The technical picture for Bitcoin deteriorated significantly Thursday when the No. 1 digital currency shed more than 5% for a second consecutive day, plummeting through critical support levels on its way to a two-week low below $6,300.
A day earlier, technical guru Rob Sluymer of Fundstrat Global Advisors said in a research note that the next one to two weeks were critical for Bitcoin chartists, citing the $6,600 to $6,800 level as crucial support, adding that a break of these levels could see a retest of the August lows below $6,000.
Speaking to MarketWatch on Friday, Sluymer said “that was a very damaging drop,” after Bitcoin
tanked more than 15% in 24 hours, crashing through the noted support. “There is no strong technical setup for Bitcoin, we remain with lower lows and lower highs,” adding that outside of day-trading he doesn’t see any reason to be trading it from the long side.
“If you do [day trade], you have to have a tight stop,” he continued. A stop-loss order, or stop, is a standing order to sell a security if it hits a certain price.
BTC/USD courtesy of TradingView
Furthermore, Bitcoin fell below its 100-day moving average, a closely watched momentum indicator. That move could spell trouble—it last occurred on Aug. 2 when it slumped from $7,500 to below $6,000 in less than two weeks, a decline of more than 20%.
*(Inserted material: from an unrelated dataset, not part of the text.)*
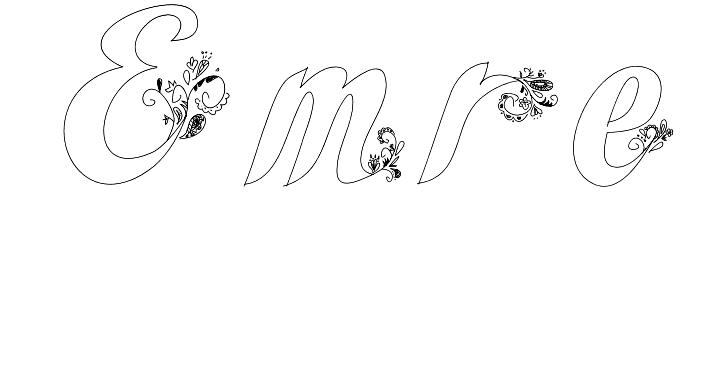 Coloriage Emre - Prénom à imprimer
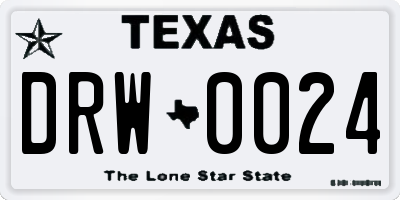 TX license plate DRW0024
But don’t tell owners of virtual currencies this. In a recent SharesPost survey, more than half of those who already own Bitcoin and other cryptocurrencies said they plan on adding to their portfolio and 57% of accredited investors and two-thirds of retail investors expect the price of cryptocurrencies to move higher over the coming 12 months.
Read: Despite crypto carnage, investors plan to add to digital assets, survey finds
However, no matter which way you spin it, numbers don’t lie. Bitcoin has fallen more than 50% year-to-date, it’s down 8.8% this month and 17.3% since the beginning of August.
For Bitcoin bulls who are looking for a bright spot. At least you don’t own Ether
“Given relative performance vs BTC continues to lead to the downside we view the break below $250 as a legitimate breakdown with the next support at $195-$200,” wrote Sluymer.